Melissa Conrad Stöppler, MD
Melissa Conrad Stöppler, MD, is a U.S. board-certified Anatomic Pathologist with subspecialty training in the fields of Experimental and Molecular Pathology. Dr. Stöppler's educational background includes a BA with Highest Distinction from the University of Virginia and an MD from the University of North Carolina. She completed residency training in Anatomic Pathology at Georgetown University followed by subspecialty fellowship training in molecular diagnostics and experimental pathology.
Mitral valve prolapse facts
- Mitral valve prolapse (mitral valve prolapse) is the most common heart valve abnormality.
- Most patients with mitral valve prolapse have no symptoms and require no treatment.
- Mitral valve prolapse can be associated with fatigue and/or palpitations.
- Mitral valve prolapse can often be detected by a doctor during examination of the heart. mitral valve prolapse can be confirmed with an echocardiogram.
- Patients with mitral valve prolapse may be given antibiotics prior to any procedure which might introduce bacteria into the bloodstream, including dental work and minor surgery.
What is mitral valve prolapse?
Mitral valve prolapse (also known as "click murmur syndrome" and "Barlow's syndrome") is the most common heart valve abnormality.

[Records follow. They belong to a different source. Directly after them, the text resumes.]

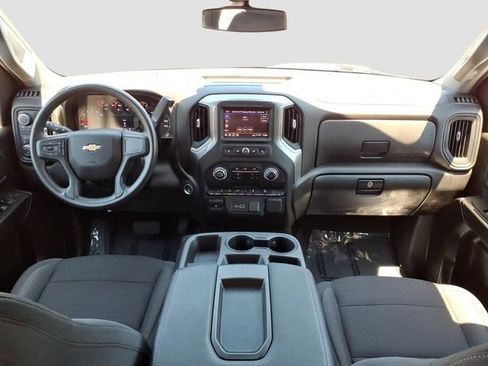 Used 2025 Chevrolet Silverado 2500 Custom w/ Custom Value Package AWD/4WD image 31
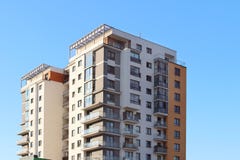 Rzeszow, Polonia - 10 18 2018: Costruzione di alto edificio multipiano Grattacielo ammobiliato di armatura del metallo pericoloso immagine stock libera da diritti Rzeszow, Polonia - 10 18 2018: Costruzione di alto edificio multipiano Grattacielo ammobiliato di armatura del metallo pericoloso immagine stock libera da diritti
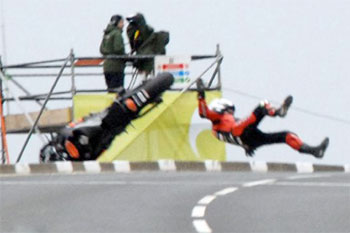 Steve Plater's NW200 weekend is over after this scary qualifying crash. Image credit: Belfast Telegraph.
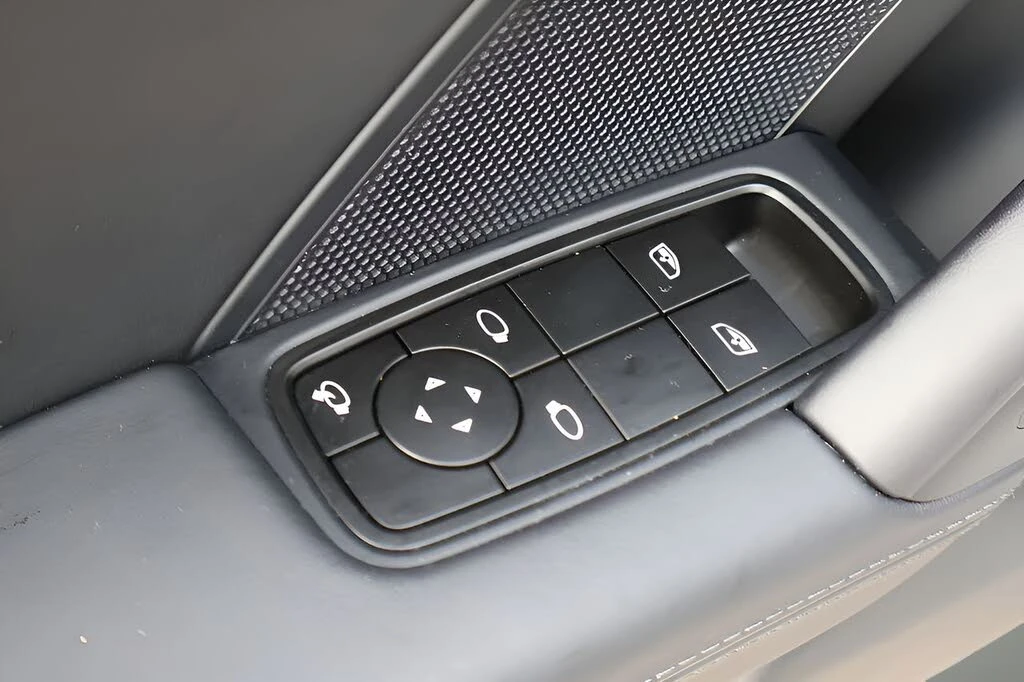 2024 Porsche 992 Carrera S - Image 10 of 30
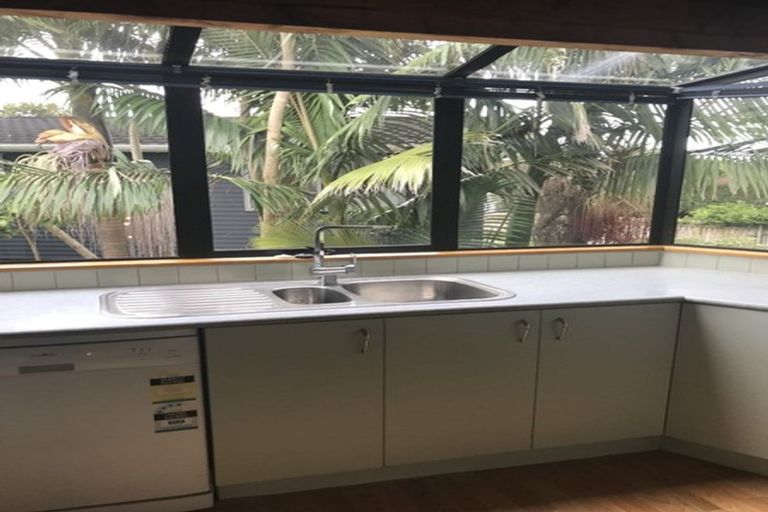 Photo of property in 90a The Circle, Manly, Whangaparaoa, 0930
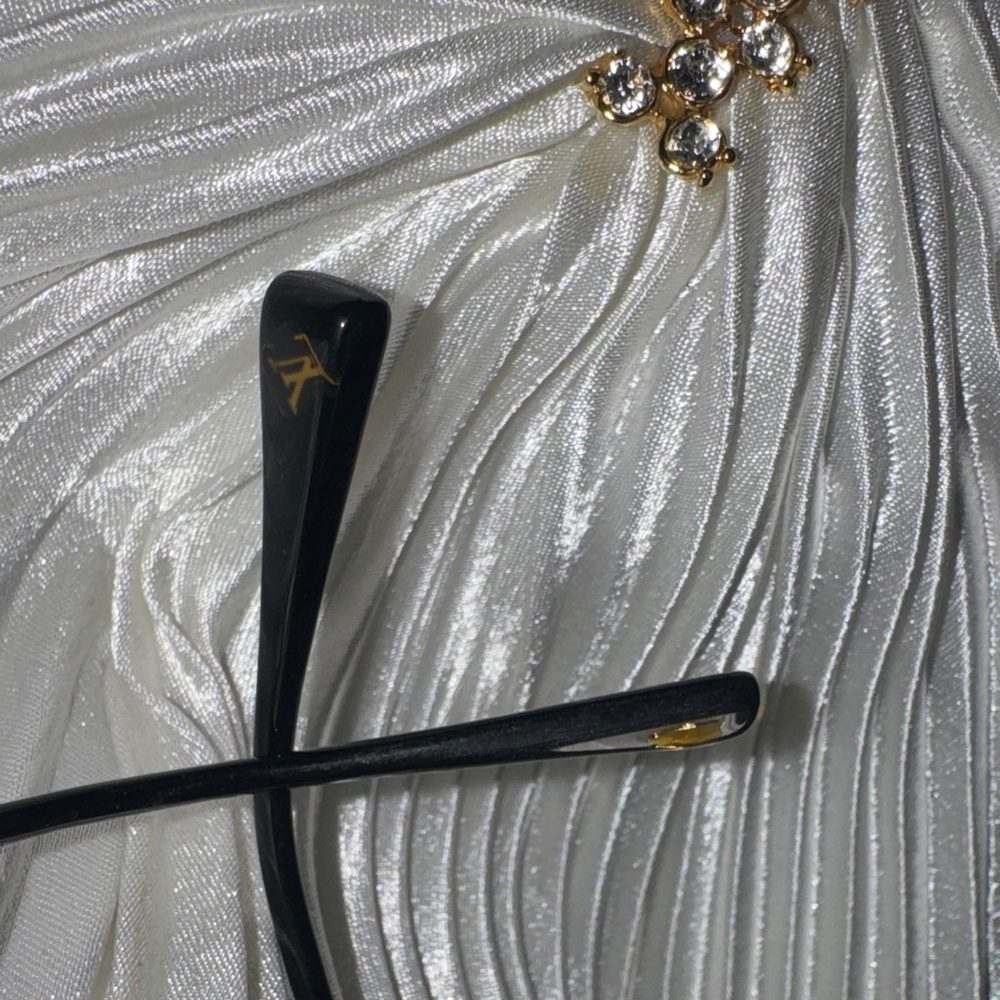 Exclusivity and Elegance every day! Black  Sunglasses - Picture 8 of 17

The condition is slightly more prevalent in women than in men. The mitral valve is one of the four heart valves. A normal mitral valve consists of two thin leaflets, located between the left atrium and the left ventricle of the heart. Mitral valve leaflets, shaped like parachutes, are attached to the inner wall of the left ventricle by a series of strings called "chordae." When the ventricles contract, the mitral valve leaflets close snugly and prevent the backflow of blood from the left ventricle into the left atrium. When the ventricles relax, the valves open to allow oxygenated blood from the lungs to fill the left ventricle.
In patients with mitral valve prolapse, the mitral apparatus (valve leaflets and chordae) becomes affected by a process called myxomatous degeneration. In myxomatous degeneration, the structural protein collagen forms abnormally and causes thickening, enlargement, and redundancy of the leaflets and chordae. Blood normally flows through the mitral valve from the left upper chamber (left atrium) to the left lower chamber (left ventricle) of the heart. When the ventricles contract, the redundant leaflets prolapse (flop backwards) into the left atrium, sometimes allowing leakage of blood through the valve opening (mitral regurgitation) back into the left atrium. When severe, mitral regurgitation can lead to heart failure and abnormal heart rhythms. Most patients are totally unaware of the prolapsing of the mitral valve. Others may experience a number of symptoms discussed below.
The mitral valve prolapse (MVP) syndrome has a strong hereditary tendency, although the exact cause is unknown. Affected family members are often tall, thin, with long arms and fingers, and straight backs. It is seen most commonly in women from 20 to 40 years old, but also occurs in men.